A different view of the realignment of funds envisages the possibility of eliminating the priority programming axes by setting management of the coronavirus emergency as the only constraint. The main aim would be to allow immediate liquidity at the national and, more critically, regional level. In this way, the resources already earmarked for local communities could be used, without incurring further debt, to manage the COVID-19 emergency independently of what had been defined as priority axes. Furthermore, the possibility of making the use of the funds more flexible, freeing them from territorial or group constraints (less developed, transitional, or more developed areas), would make it possible to allocate them to the areas most affected by the crisis. However, such an initiative requires the green light from Brussels so that expenditure released in this way can be justified in the 2014–2020 programming period.

This reflection is also relevant for the identification of priorities for 2021–2027 programming.

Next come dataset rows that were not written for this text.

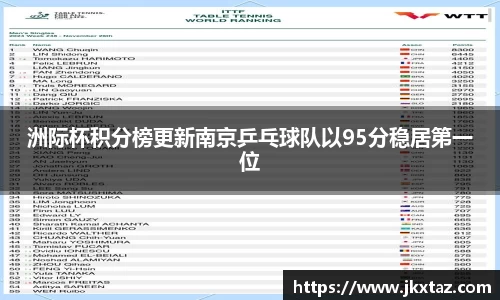 乐竞中国官方入口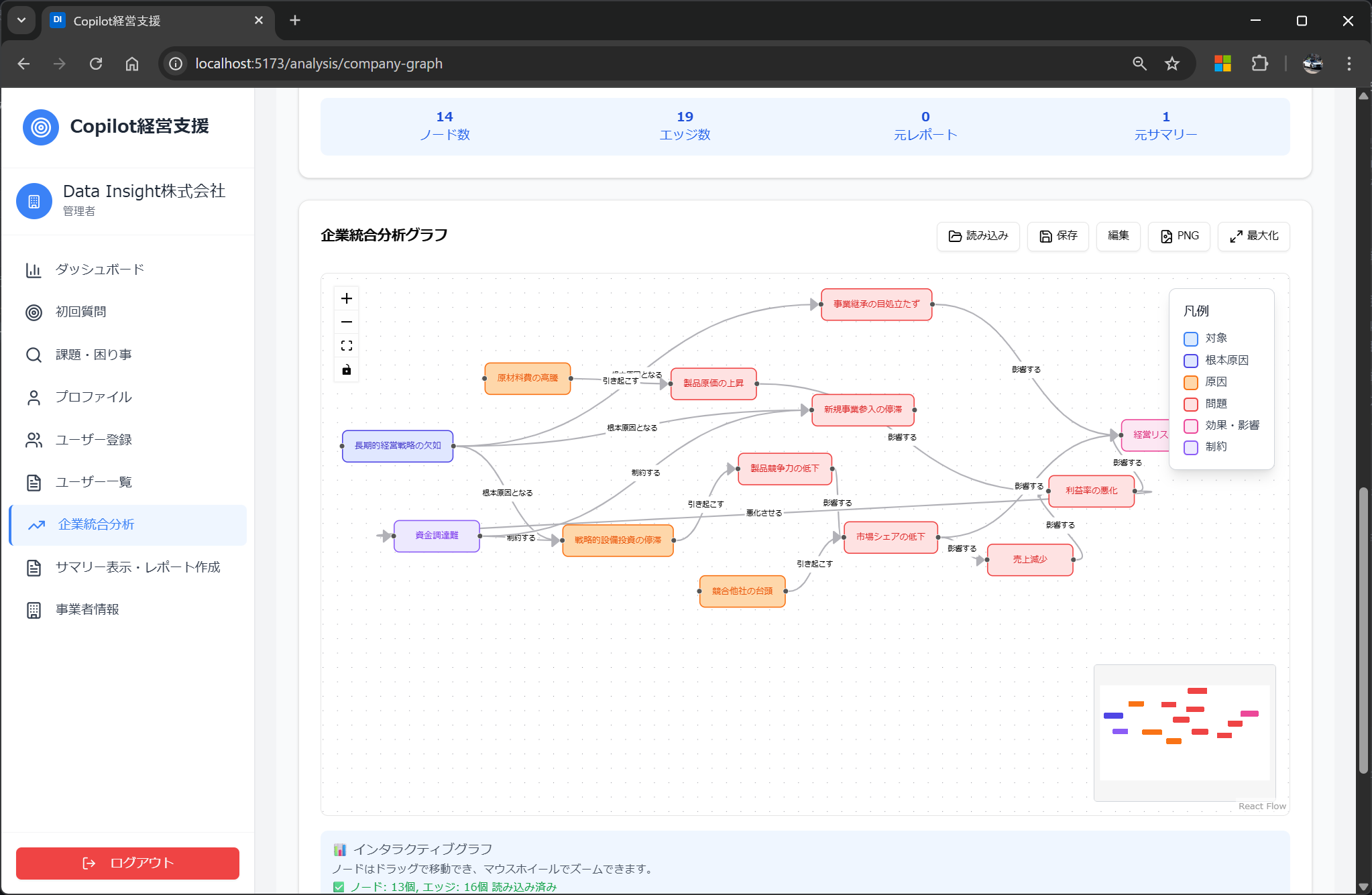 社長だけのナレッジグラフ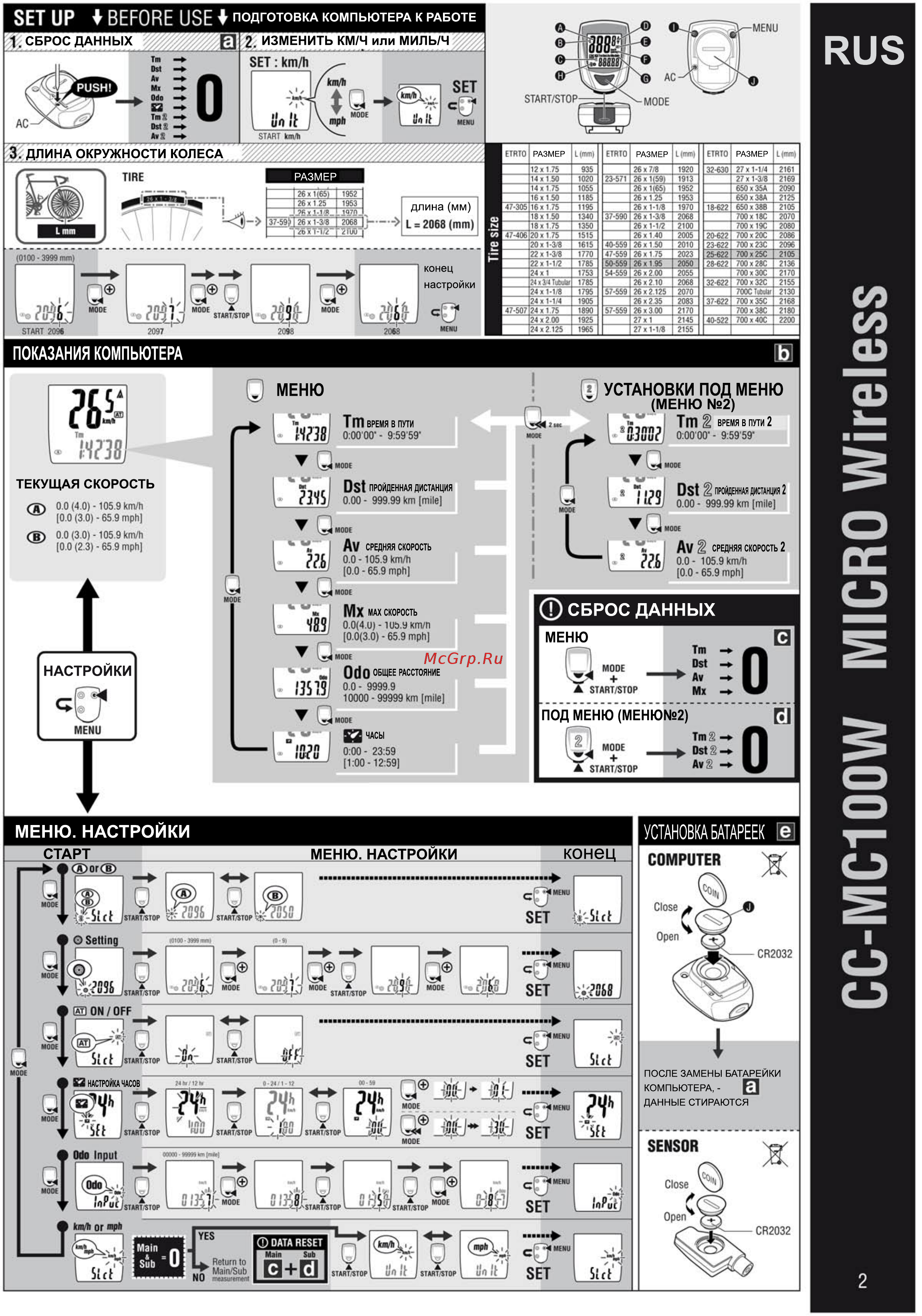 Cat Eye Micro Wireless (CC-MC100W) [2/3] Длина окружности колеса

Indeed, it may be appropriate to provide greater autonomy for the Member States in the management of the funds in the coming years so that they can take action to rebuild the production and labor fabric and to promote economic recovery. However, the difficulties that emerged during the negotiations for the next programming period have led the Commission to reflect on the possibility of extending the current cohesion policy programs by one or two years, particularly in order to avoid the risk of funding being interrupted in the face of the need to introduce investment into the economy quickly. In both cases, the question of the approach to untying the funds remains, as well as, where appropriate, a possible change in the process for identifying 2021–2027 programs and priorities to ensure a smooth transition for Member States between the current and the next programming period.